The `link` attribute on `extern` blocks provides the basic building block for
instructing rustc how it will link to native libraries. There are two accepted
forms of the link attribute today:
* `#[link(name = "foo")]`
* `#[link(name = "foo", kind = "bar")]`
In both of these cases, `foo` is the name of the native library that we're
linking to, and in the second case `bar` is the type of native library that the
compiler is linking to. There are currently three known types of native
libraries:
* Dynamic - `#[link(name = "readline")]
* Static - `#[link(name = "my_build_dependency", kind = "static")]
* Frameworks - `#[link(name = "CoreFoundation", kind = "framework")]
Note that frameworks are only available on OSX targets.
The different `kind` values are meant to differentiate how the native library
participates in linkage. From a linkage perspective, the rust compiler creates
two flavors of artifacts: partial (rlib/staticlib) and final (dylib/binary).
Native dynamic libraries and frameworks are propagated to the final artifact
boundary, while static libraries are not propagated at all.
A few examples of how this model can be used are:
* A native build dependency.
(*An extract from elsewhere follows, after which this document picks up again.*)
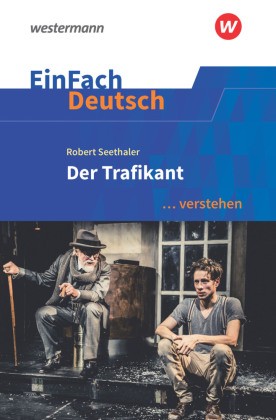 Robert seethaler der - robert,
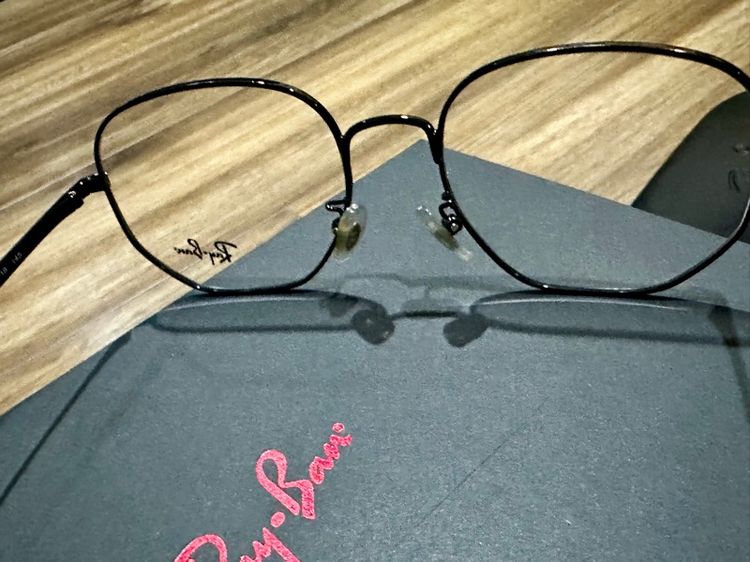 แว่นตา Eyes Glasses รูปที่ 11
Sometimes some C/C++ glue is needed when writing
some rust code, but distribution of the C/C++ code in a library format is just
a burden. In this case, the code will be archived into `libfoo.a` and then the
rust crate would declare a dependency via `#[link(name = "foo", kind =
"static")]`.
Regardless of the flavor of output for the crate, the native static library
will be included in the output, meaning that distribution of the native static
library is not necessary.
* A normal dynamic dependency. Common system libraries (like `readline`) are
available on a large number of systems, and often a static copy of these
libraries cannot be found. When this dependency is included in a rust crate,
partial targets (like rlibs) will not link to the library, but when the rlib
is included in a final target (like a binary), the native library will be
linked in.
On OSX, frameworks behave with the same semantics as a dynamic library.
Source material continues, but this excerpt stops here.